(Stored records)

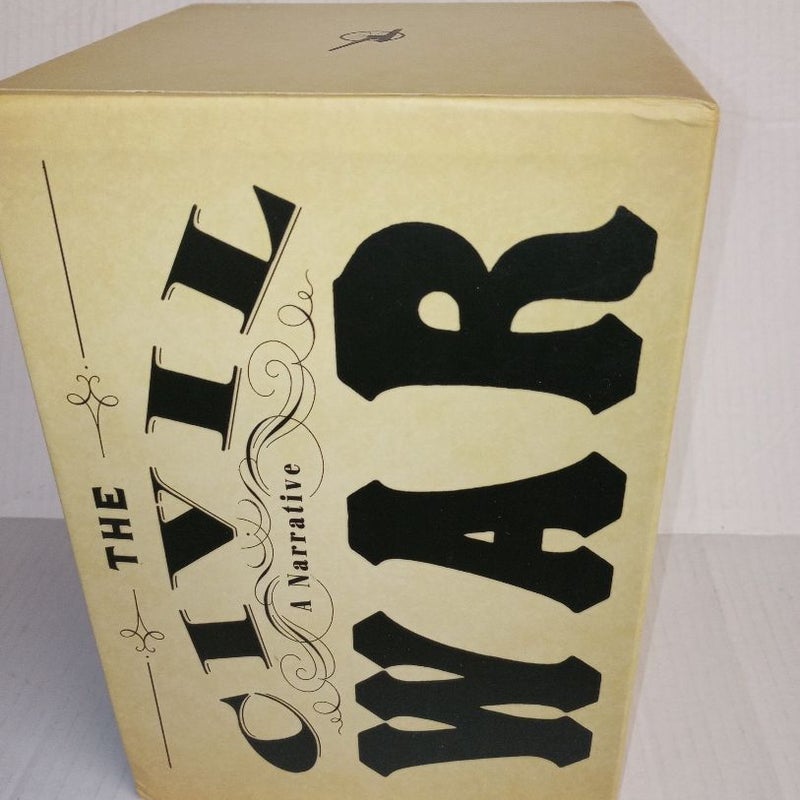 The Civil War: a Narrative - 3 Volume Box Set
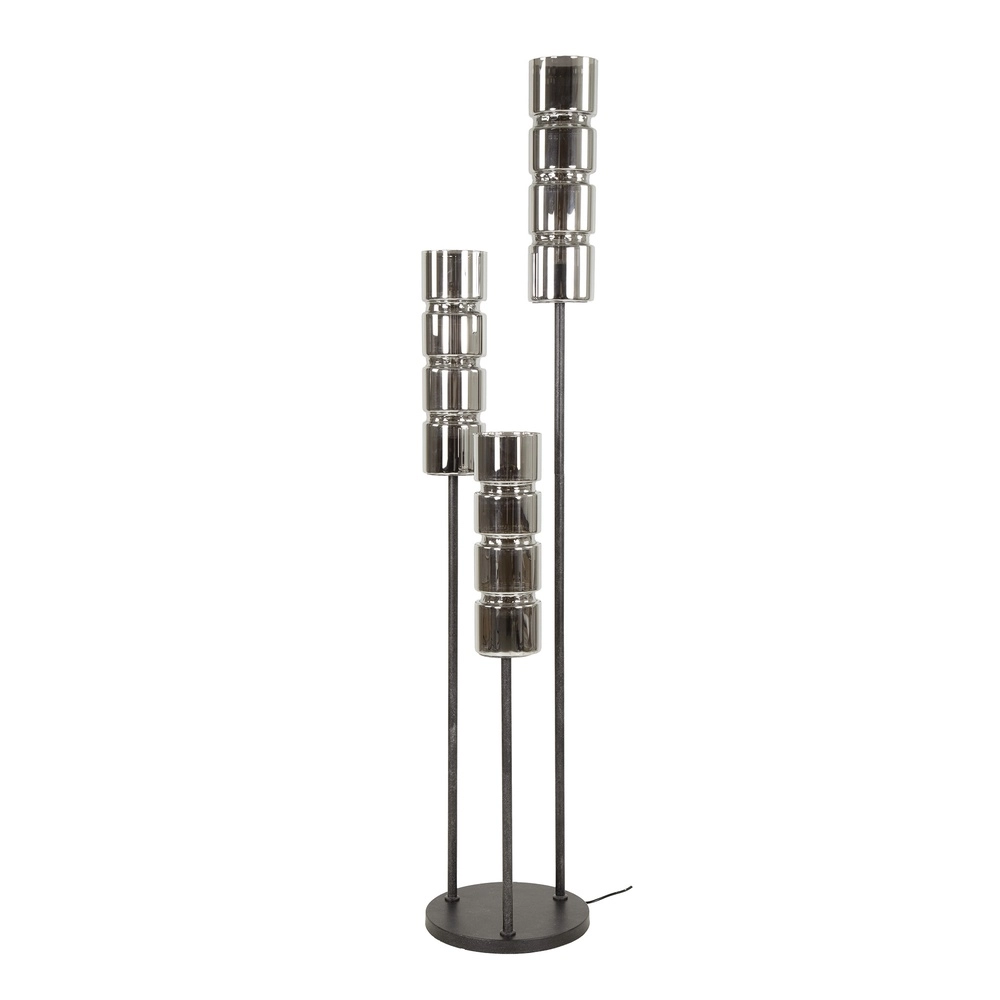 Cylinder floor lamp Cylinder 105cm - black Lyora 8716803511958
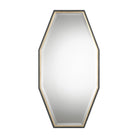 Savion Gold Octagon Mirror by Uttermost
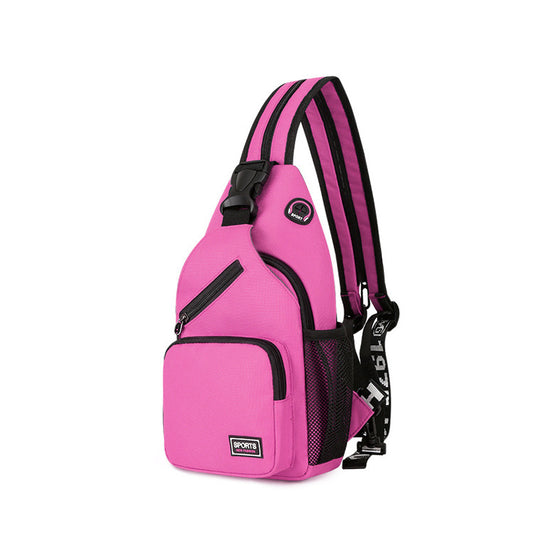 Women’s Casual Waterproof Chest Backpack – Large-Capacity Oxford Messenger Bag
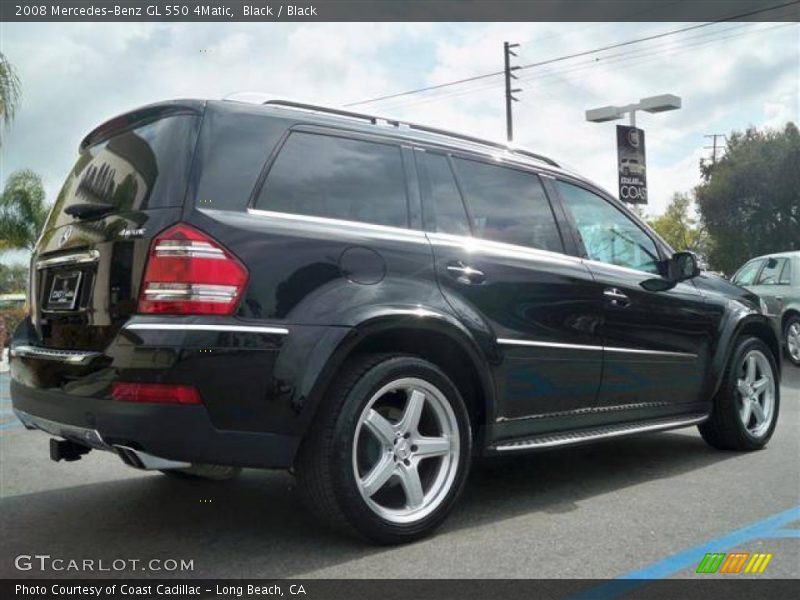 Black / Black 2008 Mercedes-Benz GL 550 4Matic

▶ [Action item]: All lines from the one containing "Women’s Casual Waterproof" to the last line of the records above, both included, need to be repeated word for word; omit the pictures.

▶ [Answer section]:
 Women’s Casual Waterproof Chest Backpack – Large-Capacity Oxford Messenger Bag
 Black / Black 2008 Mercedes-Benz GL 550 4Matic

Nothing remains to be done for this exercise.